O prefácio coube desta vez a José Tolentino Mendonça, assinando um texto que aparece “em vez de um retrato” do poeta, e que logo no arranque nos diz que “na primeira edição canónica da sua obra, que Eugénio de Andrade quis muito ser ele a realizar, com aquele vigilante e obstinado rigor que a poesia sempre lhe exigira, o poeta não buscou o prefácio de ninguém”. Nada como a morte para nos deixar sobre a sacramental sombra de um padre. Felizmente, o prefácio é bastante anódino. Não é, de resto, entre o aparato crítico mais recentemente acoplado a esta obra que vamos buscar as suas mais penetrantes leituras. “Quase sem metáforas, a poesia de Eugénio de Andrade é uma só metáfora. Quase sem símbolos, um único símbolo. Quase sem duração, uma só duração”, escreveu Mário Sacramento. “A redução da ode ao nó-de-luz. Da poesia ao que mal chega a acontecer. Da palavra à chave mítica do real. Do gesto à gesta do fruste e quotidiano.” E continua: “branda e esparsa música de vogais em que a ‘sílaba é espessa’: ‘Que branca mão devagar/ quebra os ramos do silêncio?’ Um sussurro breve e vibrante, que prolonga o poema para além de si. Em que o não dito fala ou canta. Em que o ‘silêncio desaba’. E tudo é melodia…”

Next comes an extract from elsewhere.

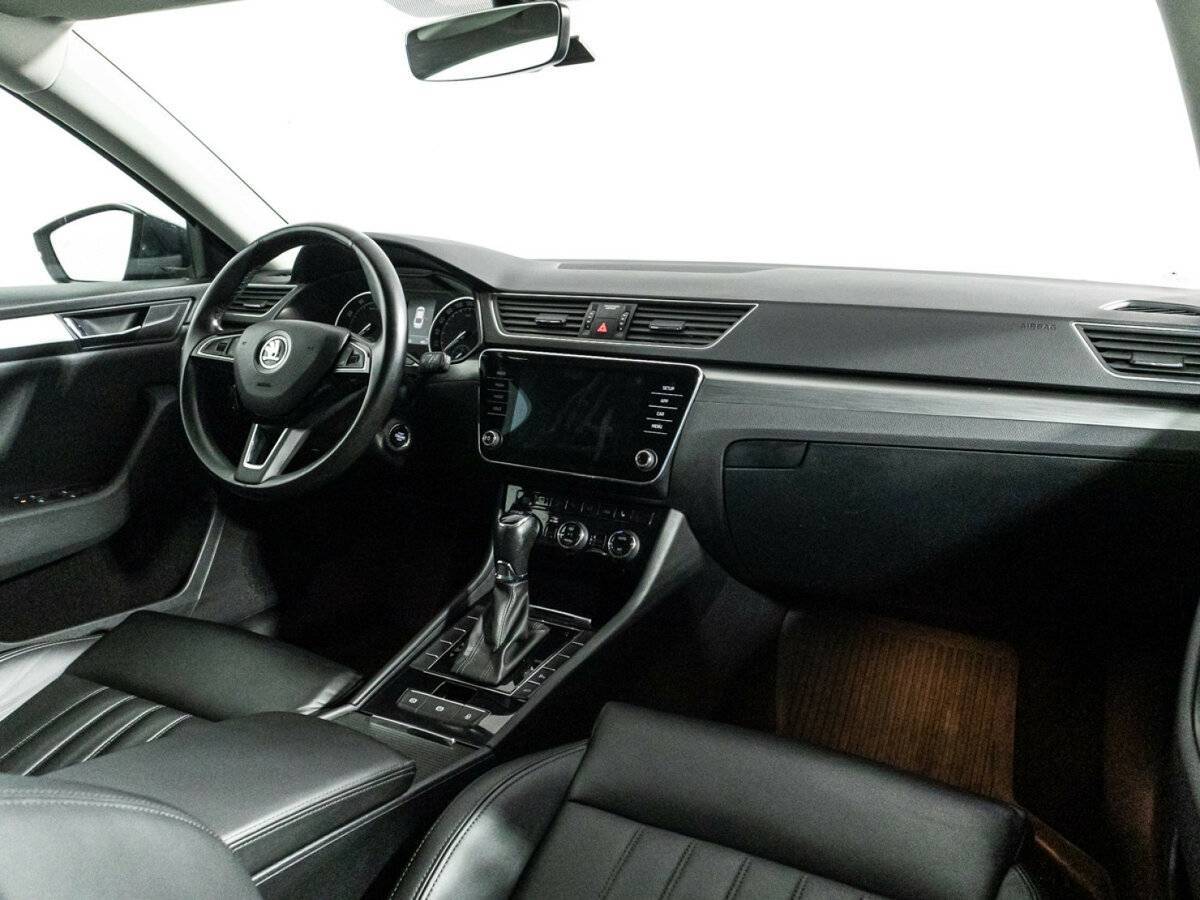 Skoda Superb 2018 года с пробегом. Фото: #8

Alguns dos mais destacados ensaístas portugueses – Óscar Lopes, Eduardo Lourenço, Joaquim Manuel Magalhães, Ramos Rosa e Prado Coelho – e estrangeiros também, encontraram nesta obra essa margem tão cativante que lhes permitiu talhar os seus instrumentos para captar as notas mais subtis desta melodia.

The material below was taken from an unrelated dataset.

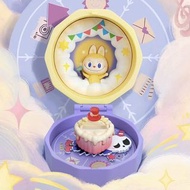 POPMART 浪漫指尖系列4［LABUBU 愛的魔法］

O que há também de milagroso na obra de Eugénio de Andrade é o ter reunido à sua volta um consenso tão generalizado e que, assim mesmo, não lançou sobre ela qualquer suspeita, nem a secou ou banalizou. Há um par de versos de Herberto Helder – que numa carta a Eugénio lhe confessou a imensa estima que a sua poesia lhe merecia, afirmando que “não há nenhum poeta português que possa ombrear consigo neste meio século (Pessoa embaraça as contas quando se considera o século inteiro)” – que ilustram na perfeição o modo como esta poesia sempre se esquiva a um efeito de mortificação: “cada lenço que se ata a própria seda do lenço o desata,/ a luz que se desata”…

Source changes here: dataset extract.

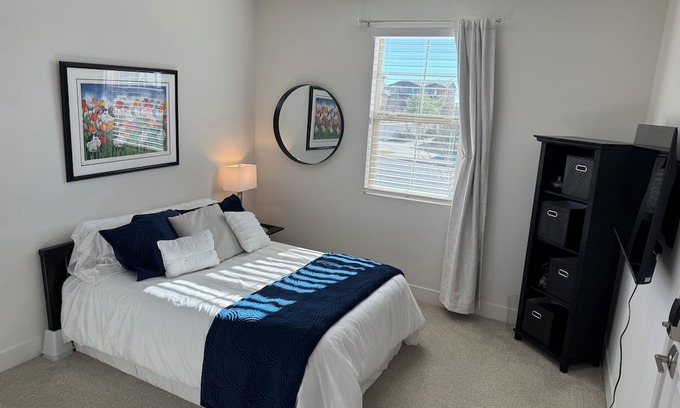 Woodland House | Private Cheery Suite br4–private bathroom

Foi repetido até à exaustão o quanto um obstinado rigor, uma busca incessante faz o sangue transformar-se em seiva e durar apaixonada e imortalmente no tronco altíssimo que Eugénio ergue, exigindo que na mais breve unidade “a imagem, a dicção e o ritmo se aliem” para causar no caos do mundo um desejo de sumptuosa ordem. Se esta poesia deve muito do seu fulgor à “fidelidade permanente ao espaço instantâneo em que o olhar recupera como que a visão original do mundo”, como Ramos Rosa referiu, essa ilusão é provocada pela forma como a sua sensualidade pagã converte, mesmo que de forma passageira,  os seres a quem a lucidez roubou a fé na graça da Criação. Sem nos pedir que abandonemos essa mesma lucidez, através da implacável severidade com que este poeta se coloca ao lado dos “torturados da forma”, a sua poesia é tão marcante porque restabelece o elo e a fluência entre a sacralidade dos elementos e a sua expressão mais elevada e, portanto, erótica.